Inherited by Oscar Wrisberg (Oscar.wrisberg@bio.au.dk), 11th January 2021
Required file structure and environments
In order to run this pipeline you need a directory with the following folders along with a set of conda environments.
These can be quickly produced by running infrastructure.sh
within the desired directory.
OBS!! one of the environments is called base and running the infrastructure script might erase your own base environment, proceed at your own risk.
00_secapr
0_data
1_trimmed
01_data
02_trimmed
03_hybpiper
04_coverage
05_blacklisting
06_alignment
07_optrimal
08_cialign
09_mapping
10_tree_building
11_dating_the_tree
Transfer all sequence files into 01_data
from where the analysis begins.
In order for the pipeline to run, the files need to follow a strict naming regime, see names_number_species.txt
This analysis of the Coryphoideae subfamily utilizes a pipeline / workflow approach using the GWF workflow manager. The entire pipeline consists of three subsequent scripts that need to be run in the correct order. Before commencing the first workflow, make sure that GWF is installed and configured to work on the cluster that you are using. See GWF for information on how to do this.
Trims the reads from each species using trimmomatic and a custom adapter and then combines the paired and unpaired reads for forward and reverse reads respectively in order to enable post trimming fastqc quality check for comparability before and after trimming.
All the trimmed reads are then given to Hybpiper which takes the trimmed reads and builds supercontigs for each target in the target file. If hybpiper is detecting potential paralogs these are then investigated and removed using the parallel scribt from Hybpiper.
After Hybpiper all supercontigs for each specimen is collected into a single fasta file. The paired and unpaired reads are then mapped to that fastafile, the reads are then deduplicated and the depth of each base is calculated. Any base with a depth less than 2 are then trimmed and a new fasta file is then created for the supercontigs.
The genes workflow starts off by distributing all the different supercontigs into different files so that each file contains all the versions of a specific target.

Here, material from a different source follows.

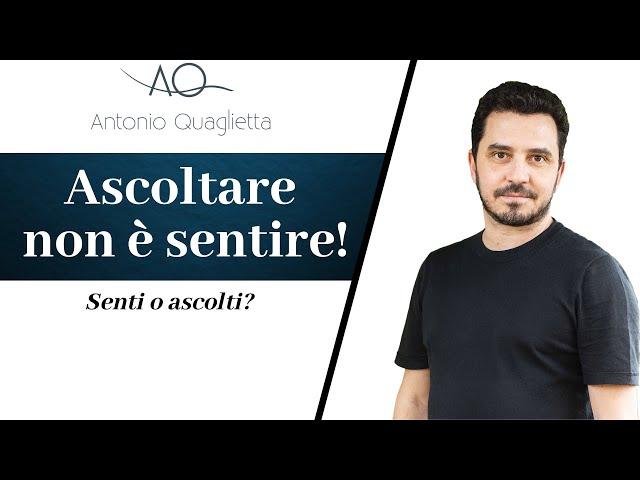 Ascoltare non è sentire!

All of these versions of a supercontig is then aligned using MAFFT. The aligned supercontigs are then trimmed using a list of gap trimming thresholds ranging from 0.1 up to 0.95 in increments of 0.05 using trimAl
For each of these trimmed alignments we calculate various summary statistics using AMAS and use these summary statistics to find the gap trimmin threshold which gives us the highest proportion of parsimony informative characters while not removing more data than one median abselute deviation above the median data loss across the entire range of trimming thresholds being tested. This step is done using the R-script optrimal
Additional trimming is then carried out by CIAlign which removes divergent sequences from the multiple sequence alignment and TAPER which removes outlier stretches from each sequence.
For each multiple sequence alignment, the two sequences of exons with the highest recovery were added to the multiple sequence alignment.

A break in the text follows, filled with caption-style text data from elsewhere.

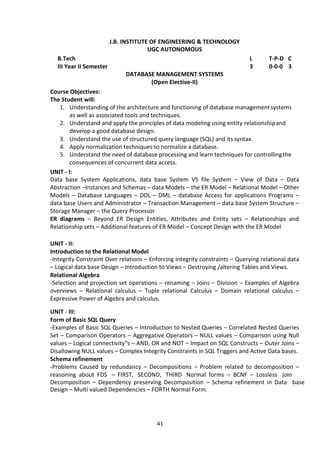 41
J.B. INSTITUTE OF ENGINEERING & TECHNOLOGY
UGC AUTONOMOUS
B.Tech L T-P-D C
III Year II Semester 3 0-0-0 3
DATABASE MANAGEMENT SYSTEMS
(Open Elective-II)
Course Objectives:
The Student will:
1. Understanding of the architecture and functioning of database managementsystems
as well as associated tools and techniques.
2. Understand and apply the principles of data modeling using entity relationshipand
develop a good database design.
3. Understand the use of structured query language (SQL) and its syntax.
4. Apply normalization techniques to normalize a database.
5. Understand the need of database processing and learn techniques for controllingthe
consequences of concurrent data access.
UNIT - I:
Data base System Applications, data base System VS file System – View of Data – Data
Abstraction –Instances and Schemas – data Models – the ER Model – Relational Model – Other
Models – Database Languages – DDL – DML – database Access for applications Programs –
data base Users and Administrator – Transaction Management – data base System Structure –
Storage Manager – the Query Processor
ER diagrams – Beyond ER Design Entities, Attributes and Entity sets – Relationships and
Relationship sets – Additional features of ER Model – Concept Design with the ER Model
UNIT - II:
Introduction to the Relational Model
-Integrity Constraint Over relations – Enforcing Integrity constraints – Querying relational data
– Logical data base Design – Introduction to Views – Destroying /altering Tables and Views.
Relational Algebra
-Selection and projection set operations – renaming – Joins – Division – Examples of Algebra
overviews – Relational calculus – Tuple relational Calculus – Domain relational calculus –
Expressive Power of Algebra and calculus.
UNIT - III:
Form of Basic SQL Query
-Examples of Basic SQL Queries – Introduction to Nested Queries – Correlated Nested Queries
Set – Comparison Operators – Aggregative Operators – NULL values – Comparison using Null
values – Logical connectivity‟s – AND, OR and NOT – Impact on SQL Constructs – Outer Joins –
Disallowing NULL values – Complex Integrity Constraints in SQL Triggers and Active Data bases.
Schema refinement
-Problems Caused by redundancy – Decompositions – Problem related to decomposition –
reasoning about FDS – FIRST, SECOND, THIRD Normal forms – BCNF – Lossless join
Decomposition – Dependency preserving Decomposition – Schema refinement in Data base
Design – Multi valued Dependencies – FORTH Normal Form.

The two exons added to the alignment are then used to find the best substitution model for the exons and the introns of the multiple sequence alignment and create a RAxML style partition file for the multiple sequence alignment.

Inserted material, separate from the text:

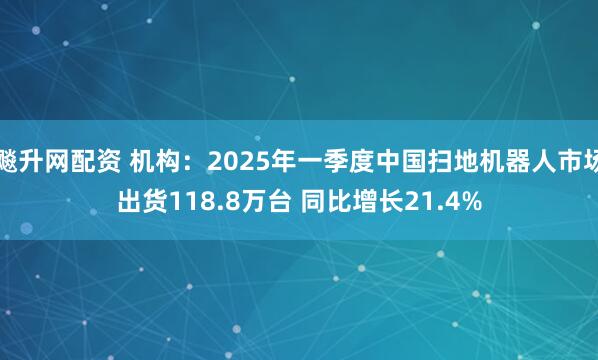 飚升网配资 机构:2025年一季度中国扫地机器人市场出货118.8万台 同比增长21.4%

Each of these multiple sequence alignments are then given to IQtree which creates a gene tree for each gene. These genetrees are then all collected in a single newick file. This newick file is then used to create a species tree using ASTRAL.
This speciestree is then evaluated using the ASTRAl annotation feature.
There are some final scripts which produce the figures and stats provided in the article. These scripts are small enough to not require a cluster/workflow manager and are therefore not included in the pipeline. Run these scripts on your local machine with the output from the pipeline as input. OBS None of these scripts have relative paths and you need to check that you have the correct paths to the input files.
The scripts are:
- 'load_trees.r' which loads all the output files from the pipeline and produces a list of all the trees.
- 'functions.r' contains all the custom plotting functions used in main_figure.r
- 'main_figure.r' which produces the main figure of the article along with the supplementary figures.
- 'Finding_wcvp_coryphoideae.r' which produces a subset of the World checklist of vascular plants for the Coryphoideae subfamily.
- 'counting_genera_coverage.r' which produces the coverage of the different genera in the dataset.
Make sure to download the developmental version of intronerate from Github, as the standard one causes errors when run.